Sinetron, infotainment, dan variety show merupakan beberapa tayangan yang sangat populer dan efektif dalam membangun konstruksi berpikir kebanyakan masyarakat Indonesia, terutama kelas pendidikan dan ekonomi menengah ke bawah.
Sayangnya, ketiga tayangan ini sangat menggantungkan kesuksesannya pada capaian rating dari masyarakat, sementara masyarakat cenderung mengakses tayangan yang bersifat sebagai sarana hiburan ketimbang pendidikan. Akibatnya, tayangan yang bersifat menghibur dan mengolah emosi justru mendapatkan tingkat penerimaan dan rating yang tinggi di masyarakat, sekalipun secara keakuratan konten seringkali menjadi pertanyaan.

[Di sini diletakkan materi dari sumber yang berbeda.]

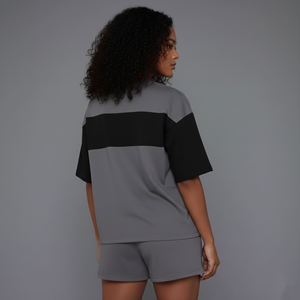 100% Cotton <b>2</b> Color <b>2</b> <b>Piece</b> <b>Set</b> Customizable Design Oversized Drop Shoulder T-Shirt & Shorts Above Knee Solid Casual - Product Image 4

Kesedihan dan duka seringkali dieksploitasi sedemikian rupa demi menarik minat masyarakat dan memperoleh rating yang tinggi.
Hal ini yang kemudian menyebabkan sinetron, infotainment, dan variety show cenderung gencar mengisahkan kisah-kisah duka dari kanker, seperti kematian figur publik, penyakit kanker pada tokoh protagonis di sinetron untuk menambah simpati masyarakat akan kemalangan hidupnya, variety show yang mengekspolitasi derita pasien kanker, dan lain sebagainya.Â
Disadari atau tidak, hal itu membangun persepsi di alam bawah sadar audiens akan korelasi kanker dengan kematian.